Health Minister Sussan Ley has written to her state and territory counterparts proposing fresh talks on public hospital funding, more than a year after the Abbott government slashed billions of dollars in future funding promised by Labor.
Having dumped the GP co-payment, finalised drug and pharmacy reforms, and initiated a Medicare probe and primary care review she described as the “cornerstone of future policy development,” the minister sought last week to engage the states in hospital talks.
Asked whether that meant 2016 would be an implementation year for the reforms arising from several reviews, or simply the year the Coalition asked voters to support new health policies, Ms Ley said she did not intend to stand still in the portfolio.
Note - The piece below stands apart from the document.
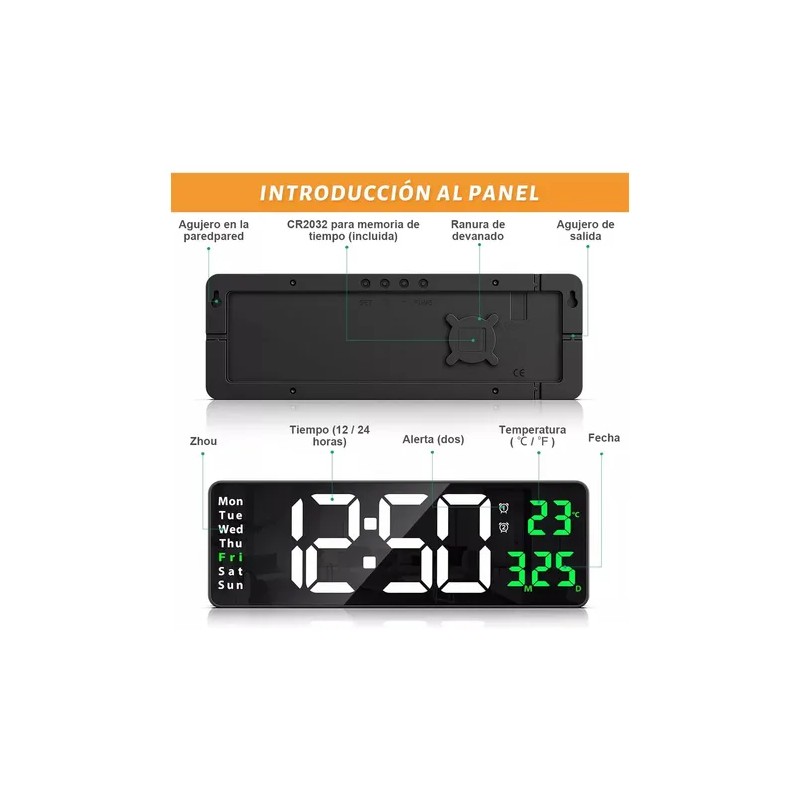 Oailgent Reloj De Pared Digital Con Termómetro, Alarmas Y Calendario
“I wrote to state ministers about having a discussion to inform us with the federation white paper and how we might best restructure a new agreement between the commonwealth and the states when it comes to hospital funding,” she said. “So this is not in a holding pattern at all, this is proceeding quite quickly.”
Her comments came after more than a year of criticism from the states and other health stakeholders over planned changes to hospital growth funding from 2017-18, which Queensland Health Minister Cameron Dick at the weekend said would remove the equivalent of 8337 jobs for clinicians in the state by 2024-25.
Tony Abbott and state and territory leaders will discuss health funding at a special retreat next month, after the Council of Australian Governments meeting agreed on the need for health and education funding arrangements to be sustainable.
The federal government is also considering broader aspects of the federation and a likely realignment of service delivery and funding responsibilities over a longer timeframe.